Questions that terrify me:
     What shall I do?
     When do I start?
     When do I stop?
     How much do I give?
     How much do I take?
     When do I rest?
     When am I done?
How do I shift
From the "Do it all!" default
To a habit of choosing
A valuable few?
A clue very relevant to me: "Learned helplessness."
     Laboratory animals
     Presented with no-win situations:
     Some just do nothing.
     Others try to do everything.
     Sounds just like me.
     Dis-empowerment breeds aversion to making a choice.

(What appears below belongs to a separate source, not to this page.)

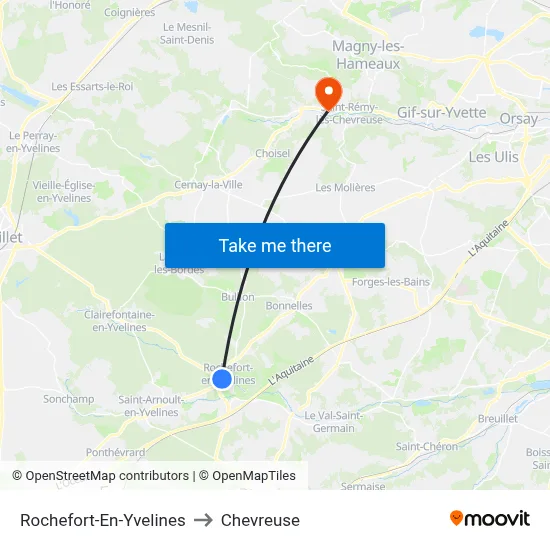 Rochefort-En-Yvelines to Chevreuse map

     Definitely sounds like me.
Dad always needed to be right and the other person WRONG!
Mom too, but more subtly: The one right way, never fully described.
She'd always say,
"Put things in order of their importance."
Yet that order was never explained or discussed.
It was apparently something everybody already knows.
Hey parents!
It's a dialog!
And if it's not a dialog
It's a dysfunction
A no-win situation
That drives a child to learned helplessness.
Life becomes about not being wrong
Instead of growing in wisdom from mistakes --
Those choices made in good faith
That didn't work out.
The solution?
I choose.
I practice the dialog
And build on
Rather than run from
I choose
To risk a choice
To risk a mistake
And at last I begin
The disciplined pursuit of less, but better.